Diese Bitterkeit wird aber auf der Bühne allerdings vom Klamauk zugedeckt.  Darsteller Gerrit Frers wirbelt mitunter schreiend und Grimassen reißend über die Bühne und erinnert dabei nicht nur äußerlich sehr an den Komiker Bastian Pastewka. Doch bevor das Stück ganz in die Komik abgleitet, folgen glücklicherweise auch wieder stille, sehr intensive Szenen. Ein Hintergrundchor gibt dem Ganzen formale Anleihen einer griechischen Tragödie.

Alles in allem ein sehr unterhaltsames Stück. Vergangenheitsbewältigung. Tragisch und (manchmal arg übertrieben) lustig zugleich.

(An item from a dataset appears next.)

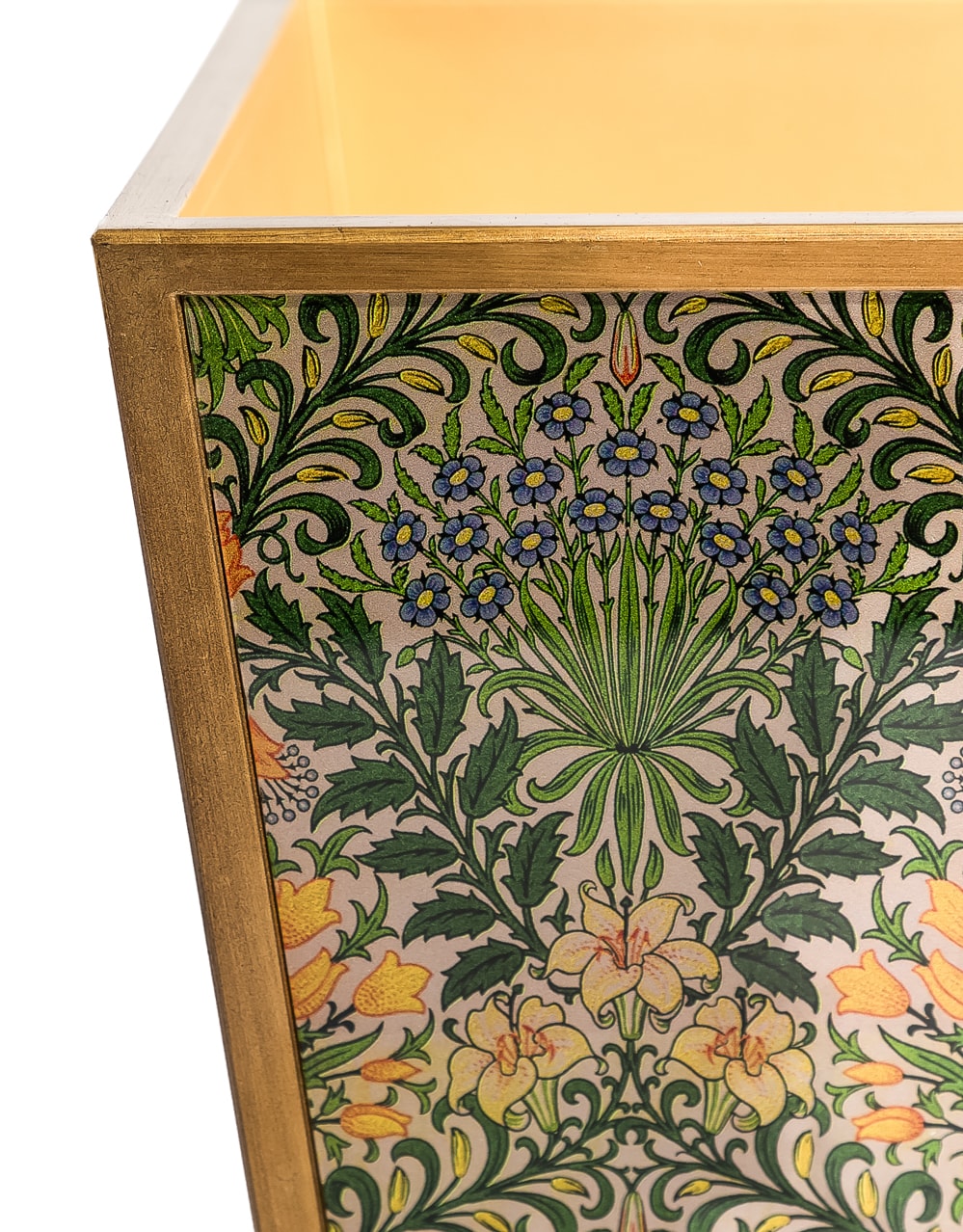 Floral Pattern Waste Paper Bin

Das nie langweilig wird und bisher noch unbekannte Facetten der Barschel-Affäre zu Tage fördert, weil die scheinbar unbedeutenden Randfiguren aus ihrer Sicht Geschichte nacherzählen und klar machen, mit welchen Gefühlen man als unfreiwillig Beteiligter in einen Politskandal zu kämpfen hat.


Statisten des Skandals
Text/Regie: Tobias Rausch, Musikalische Leitung/Ausstattung: Matthias Herrmann, Ausstattung: Katja Reetz.
Mit: Jennifer Böhm, Eva Krautwig, Gerrit Frers, Stefan W. Wang.

www.theater-kiel.de

 

Kritikenrundschau

Auf der Webseite der Kieler Nachrichten (20.4.) schreibt Christoph Munk: kein neues "Investigations- oder Aufklärungsstück" werde vorgeführt, "vielmehr konzentrierten sich die Recherchen auf die Erlebnisse und Erinnerungen von Personen, die damals nicht im Zentrum der Aufmerksamkeit standen". In 39 Interviews seien im Vorfeld der Arbeit "individuelle Eindrücke gesammelt, Spuren der Geschichte" gesichert worden. In der Inszenierung von Tobias Rausch agierten die SchauspielerInnen Jennifer Böhm, Eva Krautwig, Gerrit Frers und Stefan W. Wang mit "gezirkelter Künstlichkeit". Sie suchten nicht "die Ähnlichkeit mit den dargestellten Figuren; statt auf dokumentarische Genauigkeit richten sie ihr Spiel exemplarische Wirkung". Szenisch habe Tobias Rausch "den Textvortrag vielfältig gegliedert": Er setze auf bewegtes Spiel, lasse "groteske Momente und sogar Komik zu". Eine "tiefere Dimension" erreiche die Aufführung durch die Mitwirkung des Thomaschores aus Schulensee, der das gesprochene Wort mit Teilen aus Bach-Kantaten kommentiere. Nach "klassischem Vorbild" erklänge auf diese Weise "Widerspruch, Strenge, Mahnung, Andacht". So nehme die theatralische Lektion nach 80 Minuten doch noch Stellung: "Eine Schuld Barschels sei juristisch nicht nachweisbar… Die Frage der politisch-moralischen Verantwortung bleibt bestehen".